Situated on the Côte d’Azur and tucked in between the towns of Juan-les-Pins and Cannes lies the small town of Golfe-Juan which is located 25 kilometres east of Nice airport. From the airport take the number 250 bus, which is an express service stopping only at Antibes and Juan-les-Pins before arriving at Golfe-Juan. The fare is a mere 8€.
You can also get to the town by train and of course by car either using the Auto-routes (A6, A7 and A8) or the National routes 6007 and 6098 (previously the 7 and 98) depending from which direction you are arriving from.
Accommodation varies from rental apartments to hotels depending on your preference; there are several available in Golfe-Juan and in nearby Vallauris. Please see the following website link for assistance: http://www.vallauris-golfe-juan.fr/-Hebergement-.html
Golfe-Juan started life as a small fishing village and only came of note on Wednesday 1st March 1815 when, having escaped the island of Elba in a flotilla of seven ships loaded with around 100 horses, arms and a few cannon, Napoleon Bonaparte together with some 1,100 loyal soldiers, landed at this insignificant piece of French soil. Once on the shore he gave a solemn speech to his followers and local fishermen. From here began his march to Paris, which although had been wrought with difficulties and setbacks, due to the loyalty of his officers and his exceptional strategies, these were overcome resulting in his successful re-entry into the capital on 20th March 1815.
A re-enactment of the Napoleon landing in full period costume takes place annually on the 5th March at the old port at Golfe-Juan. From there ‘Napoleon’ on horseback followed by his soldiers march along the ‘Route Napoleon’ all the way to the town of Grasse.
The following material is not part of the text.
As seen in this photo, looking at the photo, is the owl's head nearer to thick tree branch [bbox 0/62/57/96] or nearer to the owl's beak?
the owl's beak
The latter is re-known today for the creation of essences for the perfume industry.
Only after Napoleon’s landing did Golfe-Juan begin to flourish. In 1862 the first train arrived at the railway station at Golfe-Juan linking it to Cannes and the rest of France. Small industries started to become attracted into the area mostly pottery and ceramics.
In 1896 saw the construction of a port, which is known today as Quai Saint Pierre. Almost one hundred years later, in 1989, the Port Camille Rayon was constructed together with the creation of the Plage Du Midi, and in between the two is an open air theatre, the Théâtre de la Mer.
Today Golfe-Juan is a thriving port and holiday destination to foreigners and French alike.
At the Port Camille Rayon and all along the Avenue des Frères Roustand is dotted with numerous cafés and restaurants catering for all tastes – including traditional French, Vietnamese, Italian, and Lebanese. I can personally recommend La Stella di Gigi and La Fourmigue;both have exceptional cuisine, great service and are reasonably priced. And for entertainment why not join some of the British ex-pats for quiz night from 7pm on Wednesdays at the Rio’s Banana Café and at the same time enjoy a cool refreshing drink.
During the first week of July is La fête de la Saint-Pierre, who is the patron saint of fishermen and of Golfe-Juan. At this time the local fishermen offer to all residents of the town a banquet of grilled sardines and wine. Tables are placed along the entire quay and music is provided by local musicians.
For me Golfe-Juan is a home from home as my mother and elder sister reside here so, when I can (usually every two years) I journey from Sydney to spend some time with them, and to catch up with the many friends I have made at the Rio’s Banana Café and the Hôtel le Provence.